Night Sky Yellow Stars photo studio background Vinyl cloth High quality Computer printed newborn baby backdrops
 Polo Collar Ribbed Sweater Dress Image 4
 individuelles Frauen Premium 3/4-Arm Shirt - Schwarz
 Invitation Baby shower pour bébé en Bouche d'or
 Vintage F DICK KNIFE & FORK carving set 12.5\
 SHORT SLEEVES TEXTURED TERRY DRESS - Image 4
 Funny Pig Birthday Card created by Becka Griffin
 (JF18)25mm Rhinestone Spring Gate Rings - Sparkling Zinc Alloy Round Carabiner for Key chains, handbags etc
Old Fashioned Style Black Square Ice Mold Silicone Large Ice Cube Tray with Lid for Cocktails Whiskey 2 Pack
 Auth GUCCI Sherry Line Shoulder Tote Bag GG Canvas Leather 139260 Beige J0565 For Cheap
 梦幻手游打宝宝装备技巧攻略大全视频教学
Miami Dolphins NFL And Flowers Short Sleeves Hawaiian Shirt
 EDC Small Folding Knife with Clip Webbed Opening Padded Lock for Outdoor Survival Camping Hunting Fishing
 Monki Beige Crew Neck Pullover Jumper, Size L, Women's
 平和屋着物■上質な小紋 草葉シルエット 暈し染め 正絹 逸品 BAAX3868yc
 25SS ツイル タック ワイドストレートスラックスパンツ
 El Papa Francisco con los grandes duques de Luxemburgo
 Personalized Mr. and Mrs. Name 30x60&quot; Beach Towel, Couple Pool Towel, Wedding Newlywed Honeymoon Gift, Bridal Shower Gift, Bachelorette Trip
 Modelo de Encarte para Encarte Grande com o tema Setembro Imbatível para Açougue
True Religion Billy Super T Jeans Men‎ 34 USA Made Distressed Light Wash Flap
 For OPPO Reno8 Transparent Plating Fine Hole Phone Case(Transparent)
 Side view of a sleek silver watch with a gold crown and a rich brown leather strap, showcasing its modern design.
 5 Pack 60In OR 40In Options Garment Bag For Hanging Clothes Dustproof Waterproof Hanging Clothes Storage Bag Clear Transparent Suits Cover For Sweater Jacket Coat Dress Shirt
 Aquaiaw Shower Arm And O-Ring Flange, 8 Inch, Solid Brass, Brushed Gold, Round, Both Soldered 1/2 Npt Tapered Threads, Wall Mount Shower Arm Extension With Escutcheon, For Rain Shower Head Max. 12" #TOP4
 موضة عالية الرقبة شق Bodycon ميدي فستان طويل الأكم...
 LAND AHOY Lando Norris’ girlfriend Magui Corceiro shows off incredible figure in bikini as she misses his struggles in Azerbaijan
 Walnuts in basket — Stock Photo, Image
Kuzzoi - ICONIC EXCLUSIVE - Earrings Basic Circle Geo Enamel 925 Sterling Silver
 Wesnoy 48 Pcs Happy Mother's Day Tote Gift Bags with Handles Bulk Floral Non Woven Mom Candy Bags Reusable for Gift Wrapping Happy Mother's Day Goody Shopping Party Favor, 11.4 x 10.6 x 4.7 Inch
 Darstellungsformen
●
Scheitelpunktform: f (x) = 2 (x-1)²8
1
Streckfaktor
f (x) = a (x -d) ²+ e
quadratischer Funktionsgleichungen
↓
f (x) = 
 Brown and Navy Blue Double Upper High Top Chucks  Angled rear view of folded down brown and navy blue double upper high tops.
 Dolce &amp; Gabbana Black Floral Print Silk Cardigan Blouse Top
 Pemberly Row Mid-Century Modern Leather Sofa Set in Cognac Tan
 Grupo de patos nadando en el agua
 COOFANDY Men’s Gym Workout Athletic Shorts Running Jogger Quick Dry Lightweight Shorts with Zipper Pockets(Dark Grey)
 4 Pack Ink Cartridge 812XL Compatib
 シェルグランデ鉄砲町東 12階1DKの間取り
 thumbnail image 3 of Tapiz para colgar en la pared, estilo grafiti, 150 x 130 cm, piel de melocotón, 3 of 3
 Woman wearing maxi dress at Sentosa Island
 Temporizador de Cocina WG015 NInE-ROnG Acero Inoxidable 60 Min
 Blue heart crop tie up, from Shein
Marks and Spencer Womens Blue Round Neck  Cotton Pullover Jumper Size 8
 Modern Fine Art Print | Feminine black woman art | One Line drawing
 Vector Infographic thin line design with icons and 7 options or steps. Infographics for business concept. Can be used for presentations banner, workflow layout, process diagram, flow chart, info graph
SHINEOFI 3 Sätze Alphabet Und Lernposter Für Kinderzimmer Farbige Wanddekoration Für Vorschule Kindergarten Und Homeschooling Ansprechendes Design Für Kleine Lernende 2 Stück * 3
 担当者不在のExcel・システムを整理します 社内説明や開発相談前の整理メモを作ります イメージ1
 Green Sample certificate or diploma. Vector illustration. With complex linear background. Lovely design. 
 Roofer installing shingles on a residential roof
....
#### What you should do
Look above for the line with "COOFANDY Men’s Gym", then copy it and each later line exactly, stopping at the last line of the records.

#### Finished task
 COOFANDY Men’s Gym Workout Athletic Shorts Running Jogger Quick Dry Lightweight Shorts with Zipper Pockets(Dark Grey)
 4 Pack Ink Cartridge 812XL Compatib
 シェルグランデ鉄砲町東 12階1DKの間取り
 thumbnail image 3 of Tapiz para colgar en la pared, estilo grafiti, 150 x 130 cm, piel de melocotón, 3 of 3
 Woman wearing maxi dress at Sentosa Island
 Temporizador de Cocina WG015 NInE-ROnG Acero Inoxidable 60 Min
 Blue heart crop tie up, from Shein
Marks and Spencer Womens Blue Round Neck  Cotton Pullover Jumper Size 8
 Modern Fine Art Print | Feminine black woman art | One Line drawing
 Vector Infographic thin line design with icons and 7 options or steps. Infographics for business concept. Can be used for presentations banner, workflow layout, process diagram, flow chart, info graph
SHINEOFI 3 Sätze Alphabet Und Lernposter Für Kinderzimmer Farbige Wanddekoration Für Vorschule Kindergarten Und Homeschooling Ansprechendes Design Für Kleine Lernende 2 Stück * 3
 担当者不在のExcel・システムを整理します 社内説明や開発相談前の整理メモを作ります イメージ1
 Green Sample certificate or diploma. Vector illustration. With complex linear background. Lovely design. 
 Roofer installing shingles on a residential roof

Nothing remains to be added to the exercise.